The May issue of the Crusader, the first with any extended engagement with the Russian revolution, concerned itself primarily with this international spread of the revolution. The paper’s first editorial, “High Rents and Bolshevism,” humorously argued that “The landlords…of Harlem are doing their merry best to increase the converts of Bolshevism in that district. So far they have been highly successful.” Here Briggs positions Bolshevism as the rational response of Black Harlemites to exploitative landlords, the first positive reference to the Russian Revolution in the Crusader. Later, Briggs signaled his awareness of Bolshevism as a global movement, musing that perhaps landlords will find interests beyond price-gouging when “the Negro seeks relief in the class war of the proletariat against the conscienceless capitalists and makes common cause with the Bolsheviki of the world.” Though this article marks the first awareness of the Russian Revolution as being central to the world revolutionary movement, it still contains precious little engagement with happenings inside Russia itself.[18]

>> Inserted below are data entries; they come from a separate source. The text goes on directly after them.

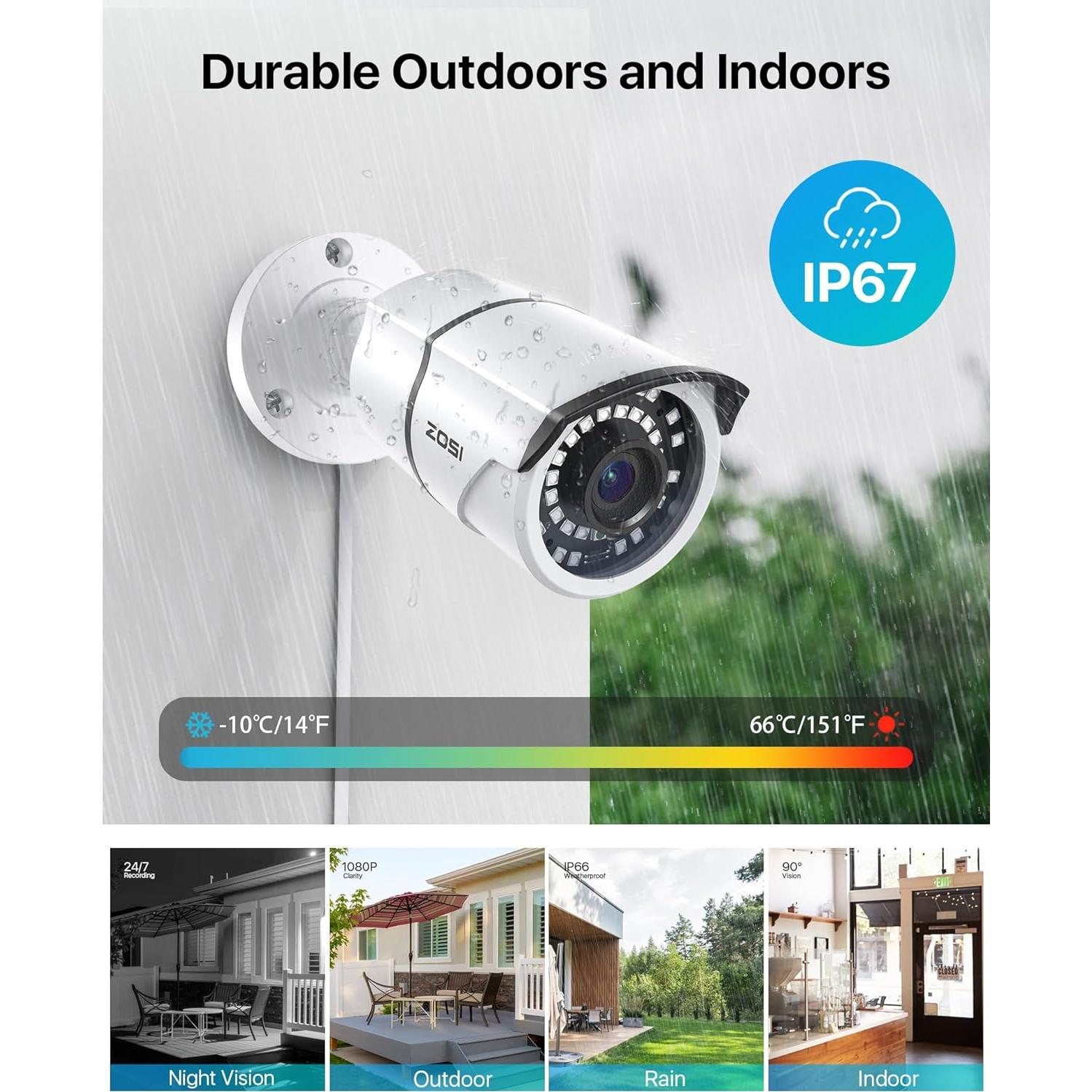 Cámara de Seguridad ZOSI 2MP 1080p Híbrida 4-en-1 IP67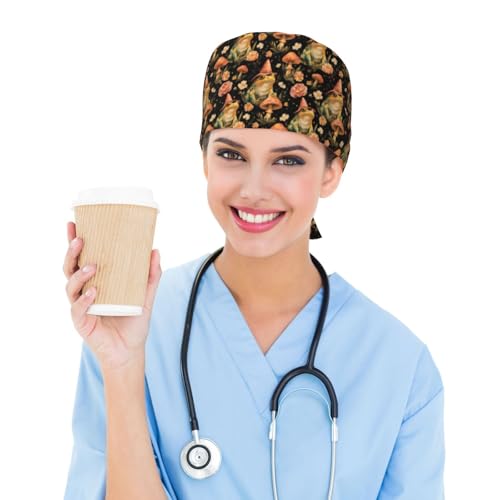 Image of Working Cap Scrub Cap with Sweatband | Adjustable Nurse Surgical Caps, for Men Women, Tie Back Hat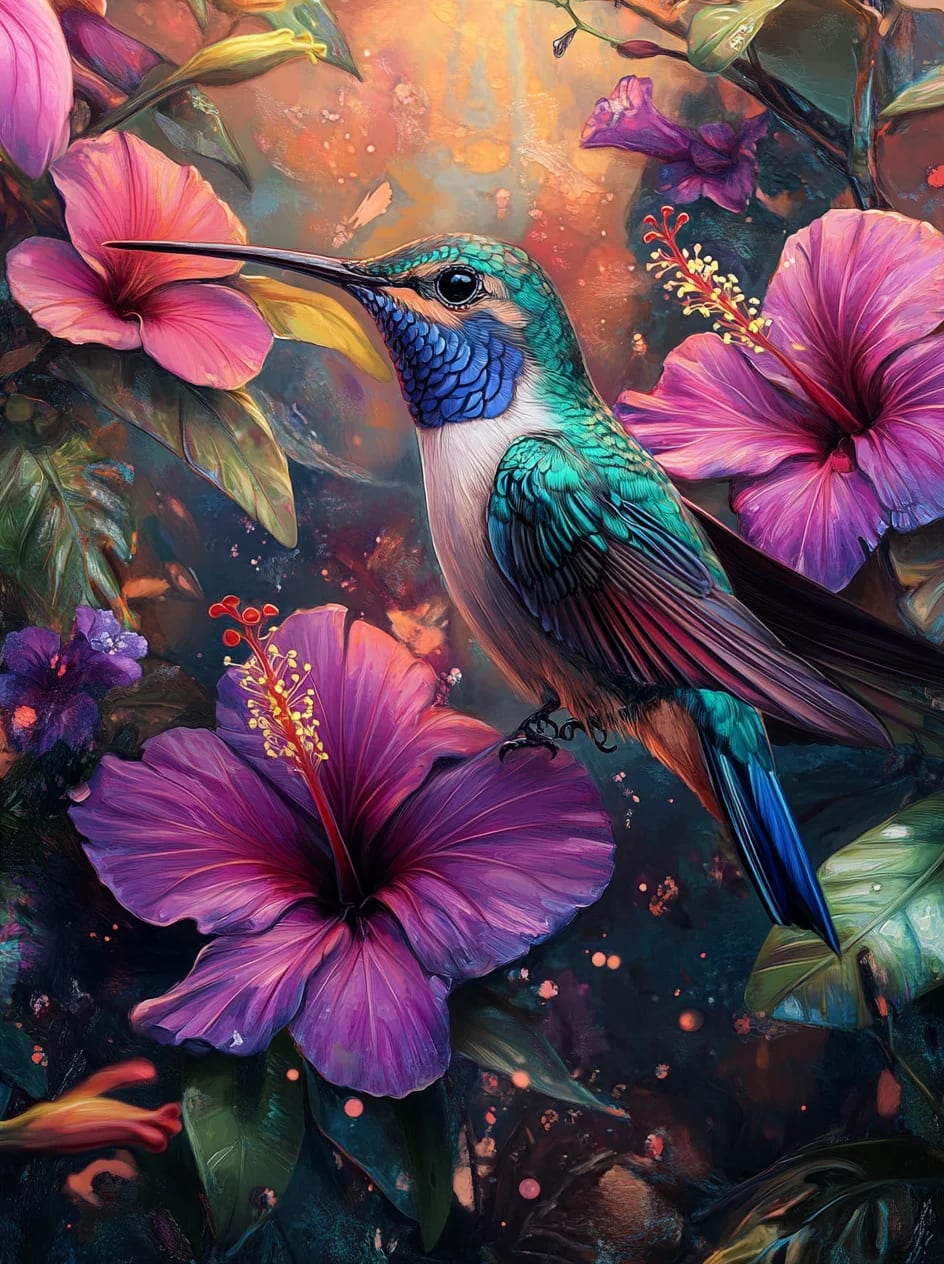 Peinture au Numéro — Colibri turquoise et fleurs d'hibiscus roses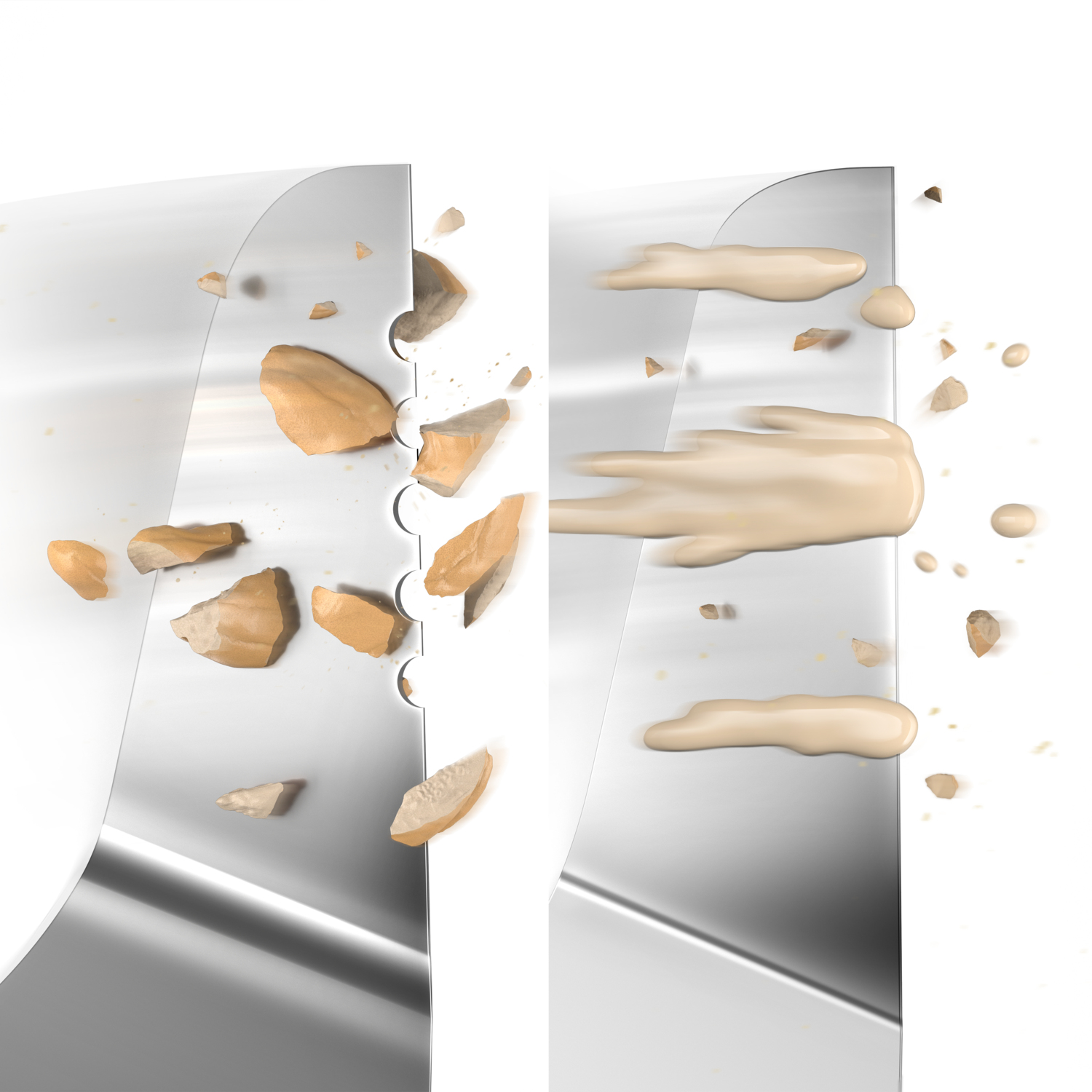 Knife cutting into bread, with crumbs and a creamy substance on the blade.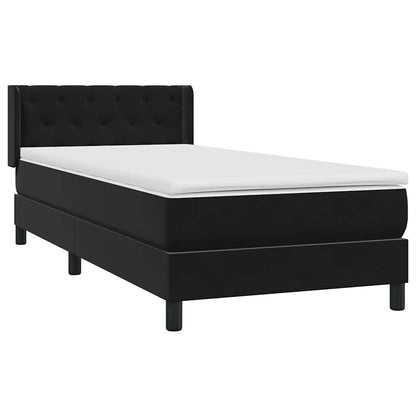 Giroletto a Molle con Materasso Nero 80x220 cm Velluto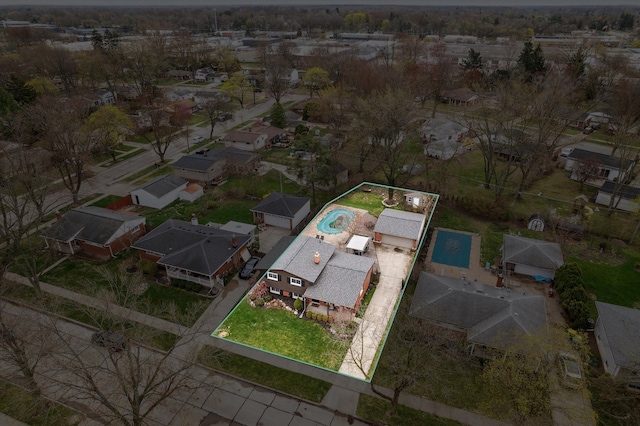 bird's eye view with a residential view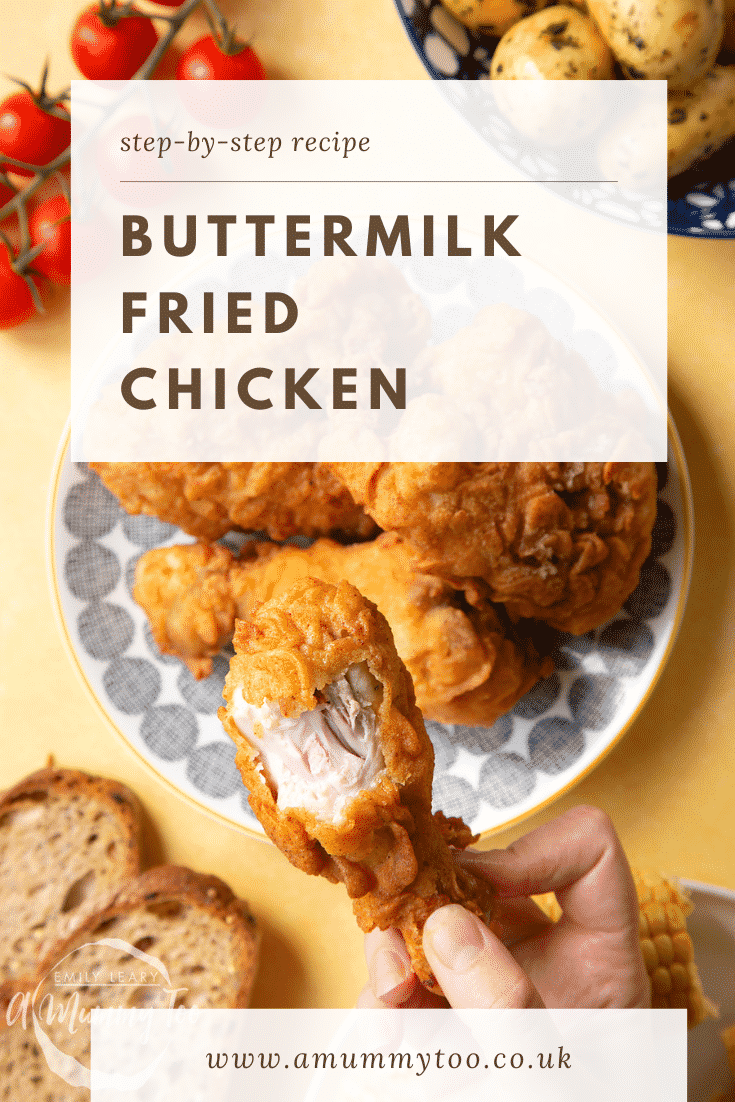 Gordon Ramsay’s buttermilk fried chicken arranged on a plate. A hand holds a well-coated drumstick, with a golden seasoned coating. A heading states, Step by Step Recipe Buttermilk Fried Chicken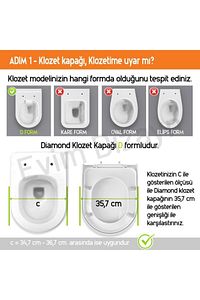 , Diamond Klozet Kapağı, Beyaz, Yavaş Kapanan, Pp ürün fotoğrafı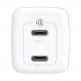 Baseus GaN 2 Lite Charger 65W (CCGAN2L-E02) - захранване за ел. мрежа за лаптопи, смартфони и таблети с 2xUSB-C изхода и с технология за бързо зареждане (бял) 1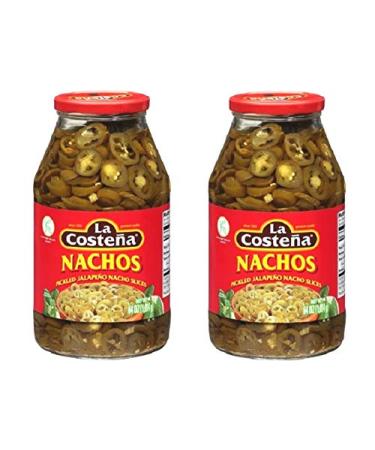 Nachos Jalapeno Peppers Sliced 64 fl Oz/4 lb. Kosher, Spicy- PK of 2 Glass Jars 8 Pound (Pack of 1)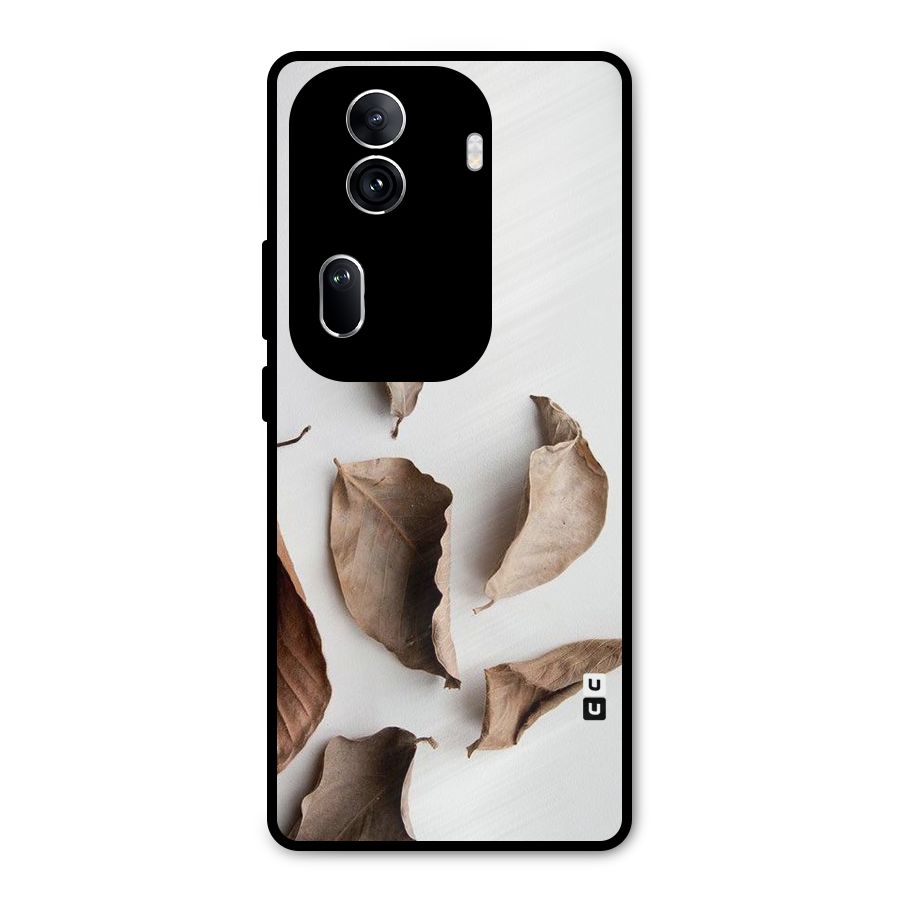 Brown Dusty Leaves Metal Back Case for Oppo Reno11 Pro 5G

The July issue would begin this engagement by presenting a positive evaluation of the Soviet state’s race relations. In an editorial entitled “Make Their Cause Your Own,” Briggs described how the USSR was “the only government outside of our own in African and democratic South America in which a Negro occupies a high and respectable position.” He goes on to celebrate the Soviet state’s lack of “Negro ‘colonies,’” showing for the first time an analysis of what the revolution in Russia had actually achieved. Immediately following this, Briggs observes that the New York Call “is the only paper in New York City which is perpetually and honestly concerned about the Negro and which nearly every day comments upon his wrongs and calls the nation to task for their existence.” Following this, he argues that the Socialist Party is both the only party with an anti-lynching plank in its national platform and the only party to call for self-determination for African colonies. As such, “Make Your Cause Their Own” marks Briggs’ own evaluation of the socialist cause as his own. That he chose to place a description of Soviet policy first in his argument to convince African-Americans to become socialists is an indication of the weight it received in Briggs’ own decision to whole-heartedly endorse socialism. Briggs’ commitment to socialism in this article also signaled a displacement of his earlier racialist ideas. The editorial’s last line, “We need not fight alone if we breast the sea upon the irresistible tide of liberalism that is at present sweeping the world,” was an explicit revision of his earlier Hobbesian racialism. The international revolutionary movement and the racial policies of the Soviet Union helped to convince Briggs that the class war could indeed supplant the racial war of all against all.[19]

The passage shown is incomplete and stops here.